Records excerpted from a collection
--- --- ---

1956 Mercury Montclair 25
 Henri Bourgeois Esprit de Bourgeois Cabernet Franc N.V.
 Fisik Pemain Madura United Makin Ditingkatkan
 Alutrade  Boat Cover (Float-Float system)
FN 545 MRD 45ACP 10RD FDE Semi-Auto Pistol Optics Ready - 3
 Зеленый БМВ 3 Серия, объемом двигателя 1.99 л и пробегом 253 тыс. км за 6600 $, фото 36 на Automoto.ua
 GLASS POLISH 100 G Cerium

--- --- ---

Each line from the one with "Зеленый БМВ 3" through the end of the entries above is to be returned word for word. Nothing else belongs in the answer.

(Exercise answer):
 Зеленый БМВ 3 Серия, объемом двигателя 1.99 л и пробегом 253 тыс. км за 6600 $, фото 36 на Automoto.ua
 GLASS POLISH 100 G Cerium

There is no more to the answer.